I’ll have problems registering in courses in my discipline while I'm a student in the Groupe-pont. True or false?

True and false.

Because of enrollment restrictions applied to certain courses, students in the "Groupe-pont" may find it difficult to register in certain courses in their chosen program, especially if they register online in a limited-enrollment course. The computer doesn't know about your particular situation. However, the situation should improve once the Registrar sends a list of students in the "Groupe-pont" program to each program unit. If you have trouble registering online, contact the chair of the department offering the course you want to take, or contact the "Groupe-pont" program to work out the formalities.

If I feel confident enough, should I take courses with Francophones instead of the ones in the “Groupe-pont” program?

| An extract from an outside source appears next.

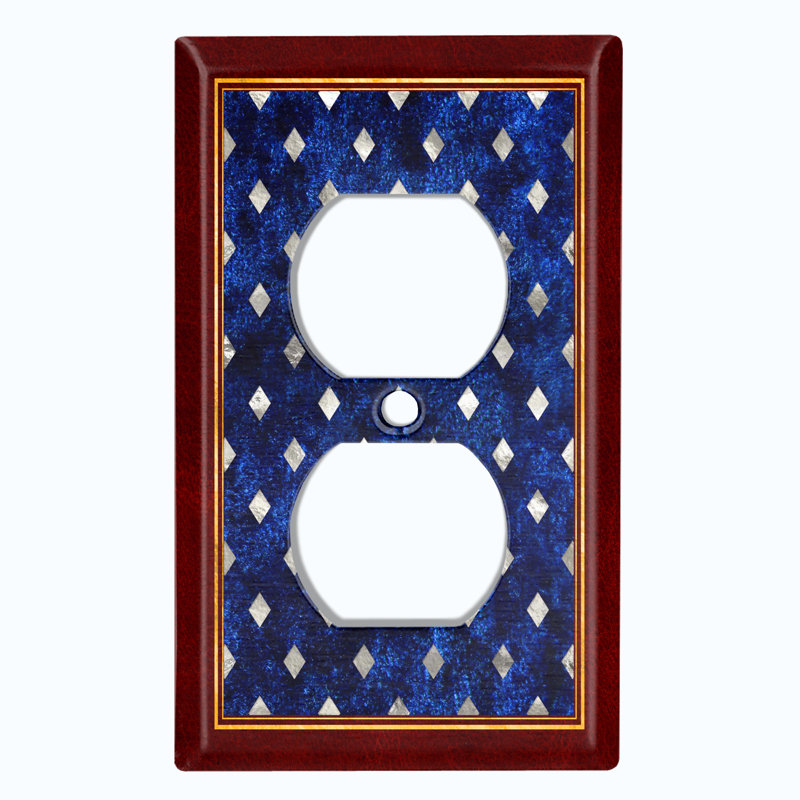 Plaque murale berçante à motif de fleurs avec 1 diamant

This is probably not a good idea.

If you feel proficient enough to take French courses in the regular program with Francophone students, you may request a written test that will determine if this is indeed the case. However, many students have come back to us after one or two years in a regular program, and have complained that they were allowed to by-pass the "Groupe-pont" program. In the past, the system did penalize students in the "Groupe-pont" program because of a number additional requirements placed on them. Today, the situation has changed and a non-Francophone student does not have to take any more courses in French than most Francophone students. The advantage of the "Groupe-pont" program is that the courses are tailored to specific linguistic needs of non-Francophones, while the regular French courses are tailored to those of Francophones who have completed their studies at a French-language high school.